Hi, I've been experiment a bit I've noticed that data table has not exposed function called shallow, that's 8 times faster than your version! I've checked and the same caveats apply. (rlang::duplicate shallow doesn't seem to be usable with data table). Is there a reason for not to use data.table:::shallow? (Besides that it's not exposed, but one can always just copy everything to the package).


 library(data.table)

 shallow <- tidytable:::shallow

 data_size <- 10000000
 large_df <- data.table(x = sample(1:5, data_size, TRUE),
                        y = sample(c("a", "b", "c"), data_size, TRUE))

 bench::mark(shallow_copy = shallow(large_df),
             shallow_dt = data.table:::shallow(large_df, cols = names(large_df)),
             deep_copy = copy(large_df),
             time_unit = "ms")
 # A tibble: 3 x 13
#  expression       min  median `itr/sec` mem_alloc `gc/sec` n_itr  n_gc total_time result memory time 
#  <bch:expr>     <dbl>   <dbl>     <dbl> <bch:byt>    <dbl> <int> <dbl>      <dbl> <list> <list> <lis>
# 1 shallow_copy  0.0876  0.0967    9723.     16.1KB     8.40  4630     4       476. <data… <Rpro… <bch…
# 2 shallow_dt    0.0143  0.0156   58215.     16.1KB     5.82  9999     1       172. <data… <Rpro… <bch…
# 3 deep_copy    22.8    23.5         39.4   114.5MB    34.5      8     7       203. <data… <Rpro… <bch…
# … with 1 more variable: gc <list>
bnicenboim commented 3 years ago

And a second question, I noticed that this trick doesn't work with grouped data tables.
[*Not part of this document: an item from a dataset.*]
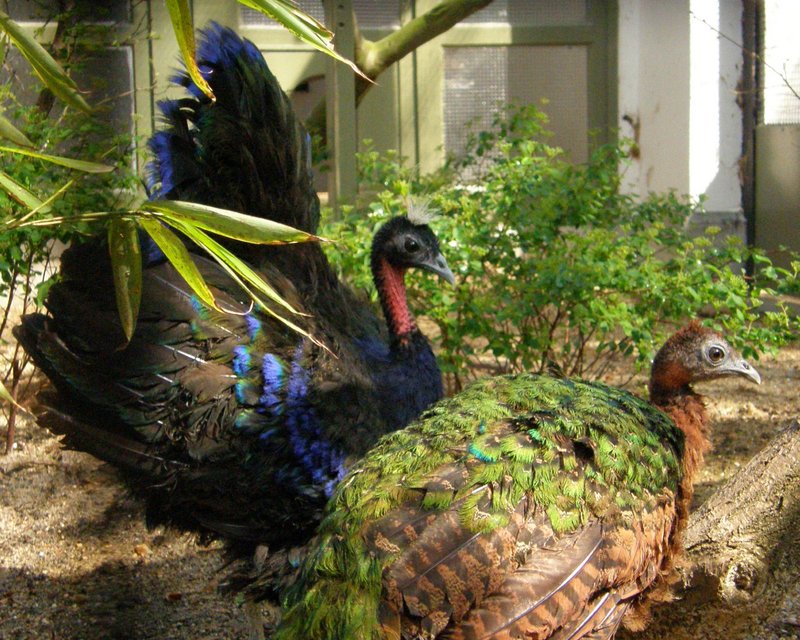 Congo peafowl (Afropavo congensis); DISPLAY FULL IMAGE.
Do you understand what going on? Is there a way to avoid copying the data table?

markfairbanks commented 3 years ago

Is there a reason for not to use data.table:::shallow?

Nope - if you'd rather use theirs you can. The one I use was just the one that I found first.

The biggest reason I haven't made the switch is tidytable:::shallow() is a pretty straightforward R function. data.table:::shallow() would require some extra effort since there are some calls to some of data.table's C functions as well.

And a second question, I noticed that this trick doesn't work with grouped data tables. Do you understand what going on? Is there a way to avoid copying the data table?

I'm not sure why this fails to be honest. I haven't been able to find a workaround. You'll see in tidytable::mutate.() the code runs this check if .by is provided:

needs_copy <- any(vec_in(names(dots), names(.df)))

if (needs_copy) .df <- copy(.df)

Basically saying - if any of the columns in the mutate.() call already exist in the data.table, create a copy. This check is unnecessary if there is no .by.